Hundreds rally at Relay for Life
Hundreds of cancer survivors, caregivers and friends came out to support cancer research for the 15th-annual Norlanco Relay for Life.
The American Cancer Society event was another qualified success that went for 24 hours on the Cocalico High School track June 20-21.
This year’s teams worked diligently to wipe out cancer and have fun at the same time with their “hitting cancer out of the park” theme while raising awareness, celebrating successes and remembering those lost to the disease.
Becky Bixler cried during the luminary service when names were called out of those who lost their battle.
“I have stage four colon cancer,” said Bixler. “I was diagnosed Fourth of July last year.Happy Independence Day to me.”
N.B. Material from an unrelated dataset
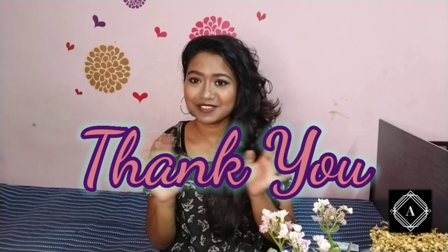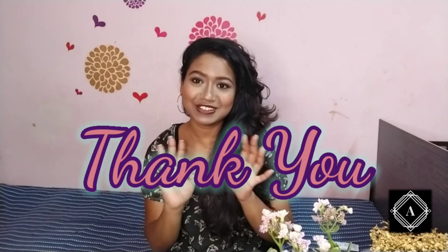So yeah, here it is — I'm done with this look. We're done with this video. We'll see you in the next video, so until then take care. Bye bye, see you in the next video, thank you!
Bixler’s mother, grandmother and great grandmother all passed away from colon cancer before the age of 30. She got tested for the disease starting at age 20 and every three years after.
“Last year I was getting weaker and finally couldn’t get out of bed and they told me right in the emergency room: (Bam) ‘You have cancer’,” said Bixler.
At 36 now, Becky is worried about her own two daughters ages 12 and two.
“They have a fifty-fifty chance of getting it, but I want it to stop with them. If they catch it early enough they can remove the colon completely and bypass everything,” she said.
“I never knew what my mom went through because I was four but it’s been an eye-opener this last year. You can look perfectly fine but be in complete pain and people just don’t understand. As long as my girls are okay, that’s the most important thing,” said Bixler, from Ephrata.
Bixler says she takes it one day at a time and says even though she’s stage 4, she believes in miracles. She says she can’t eat much and the only thing that will agree with her is canned spaghetti and chicken noodle soup.
Teams formed campsites for the night and some walked and did activities through the entire event without sleep.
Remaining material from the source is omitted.